Хоть становиться в круг было неловко,
она всё же начинала ходить вокруг
ёлки,
что-то выкрикивать и приплясывать. И после, когда чувствовала взгляды толпящихся проходящих мимо, видела пустое снежное
пространство, в котором будто плыла она, то, возможно, и была счастлива.
Потому
что как ещё можно было обозначить эту лёгкость, и чудесную способность
впитывать лица, и восклицания, а переполнявшее веселье изливалось в притоптывании и присвисте, и в том галопирующем ритме, в
котором несло её. И самой основной приметой этого состояния, счастья-то,
было
то, что не помнила она себя, и не знала ни о своих сорока с хвостиком годах,
ни
о работе в театре, ни об алкоголике-сыне, ни о дочери, умственно отсталом
ребёнке, живущем в соответствующем интернате, ни о чём, кроме послушного
самому
себе тела.
В театре узнали о её
ежедневных плясках в сквере на Тверском, там, где ещё недавно стояла аптека,
кафе-молочная, теснились табачно-галантерейные киоски и роботовидные
автоматы с газированной водой. И Рита Потапенко,
вечерняя уборщица, спросила её об этом, дескать, правда ли. Разливая в
стаканы
пенящуюся бордовую жидкость, Липочка
сказала:
-Хлопнем, тётка, по
стакану,- (такая у неё была церемониальная присказка), и, слегка отпив и
важно
отерев губы, ответила, - правда, ачё, играют
бесплатно.
Чего бы на дармовщинку и не
потанцевать.
Она смотрела на Риту, отчаянно жалея
её,
а ведь раньше завидовала девушкам-студенткам, приходившим на подработку.
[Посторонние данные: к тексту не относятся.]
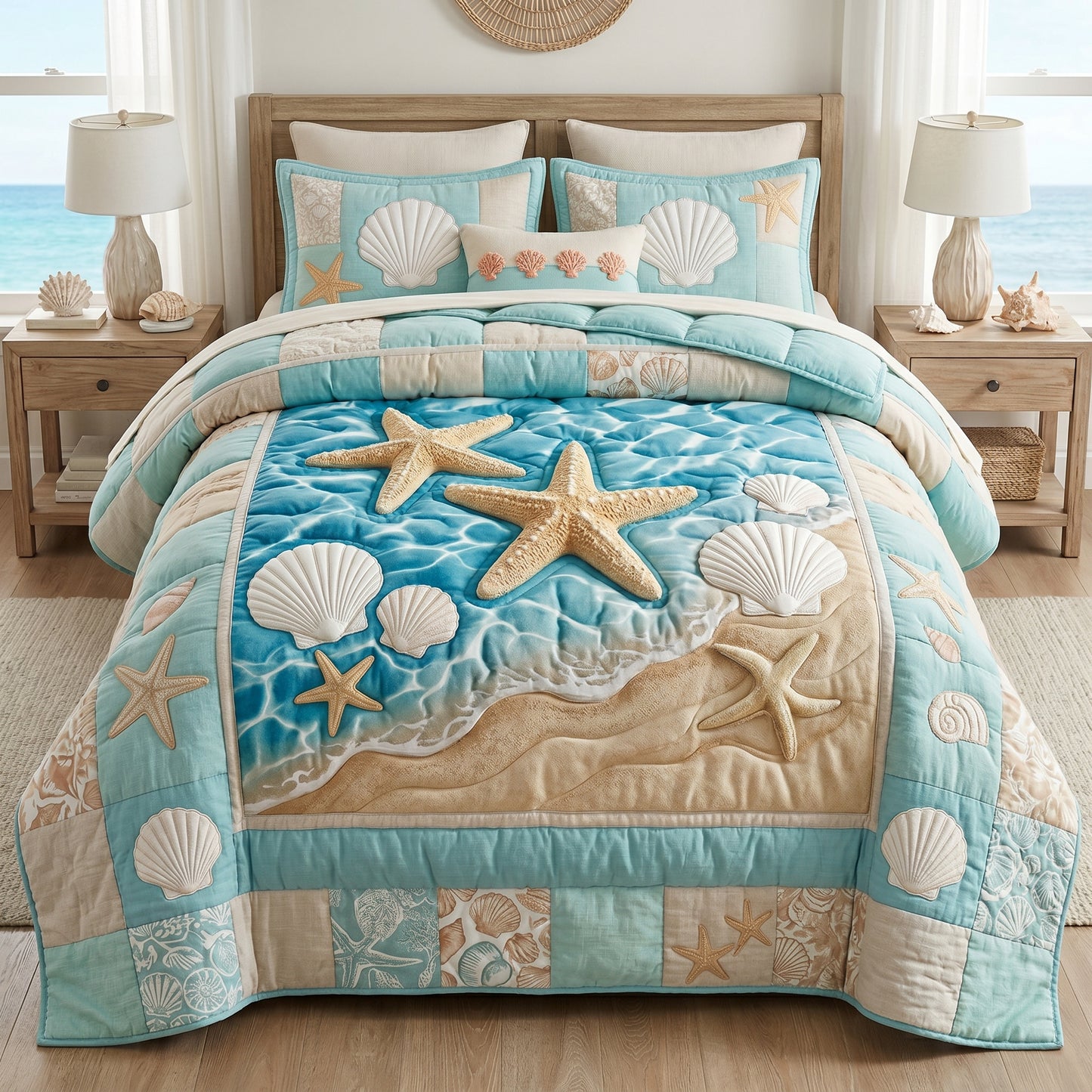 Coastal Starfish XR2105003CL Duvet Cover Set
Сколько их перебывало здесь на её памяти, вот и Рита тоже.
А что у них-то было? Вот закончат институт, уедут в глухомань, выйдут замуж,
детьми
обзаведутся. Да и будут мыкаться, от аванса до получки, от отпуска до
отпуска,
от беременности до аборта... Собственно, у всех людей жизнь была одинаковой,
и
все были похожи друг на друга в своей маяте.
Об этом Липочка
догадывалась, но узнала только в эту зиму, на своих
"танцах"
на бульваре, у ёлки.
И нынче, когда по воскресеньям она
ездила
за город в интернат к своей дочке Анюте, то, поглаживая маленькую головку,
всматриваясь в её раскосые глаза, поднося к вытянутым губам ребёнка
карамельку,
она не испытывала прежней горечи и не причитала о том, за
что её Бог покарал таким дитём. Только сама громко
хрумтела печеньем. Она будто бы удовольствовалась тем,
что
имела, и в этом наверняка была высшая мудрость . покорность, и струился из
неё
покой, как из только что забившего родника.
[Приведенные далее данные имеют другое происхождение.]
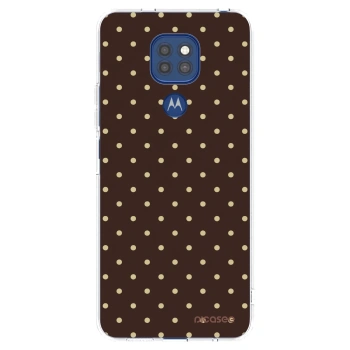 Picasee διαφανής θήκη σιλικόνης Motorola Moto G9 Play - Vanilla Dots & Chocolate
Так же примирилась она с сыном и
невесткой, запившими на пару. Были они несчастными,
и
нельзя было их ругать или ненавидеть.
И в новом, озарявшем её, свете другой
казалась и прожитая жизнь. Так, видно, предназначено было
ей
родиться в сороковом в молодой фабричной семье, в которой она и осталась
единственным ребёнком, в войну вбили отца; проучиться семь классов, в
восьмом-десятом тогда нужно было платить за обучение; ходить по работам . на
заводах, фабриках, в конторах и, не получив никакой профессии, быть то
нянечкой, то посудомойкой, то курьером, а вот теперь уборщицей; ни
одного дня не быв замужем, родить двоих детей от
разных мужчин...
Такова, вероятно, была ей судьба. А
судьбу, известно, как и суженого, конём не объедешь.
-Выше головы, Риточка, не прыгнешь, как ты не бейся,- продолжала она,
наливая второй стакан.
-Липочка,
а вам не страшно было танцевать, вдруг засмеют? . не отставала
Рита.
-Чего там, не понимаешь ты ничего, - всплескивала она руками, смеясь, -
ничего.
Но сейчас, глядя на запечатлённую
себя,
она внезапно вспомнила Ритины слова. Она смотрела на глянцевый чёрно-белый
лист, и фотография оживала, но сама она
уже была не танцующей, средних лет женщиной, а одной из тех, чьи
глаза
устремлялись на неё.
И Липочка
видела, как та, другая, "счастливая" Липочка с
присвистом неуклюже топала: как несуразны были взмахи рук, сдерживаемых
рукавами мешковатого пальто, слыхала, как "та"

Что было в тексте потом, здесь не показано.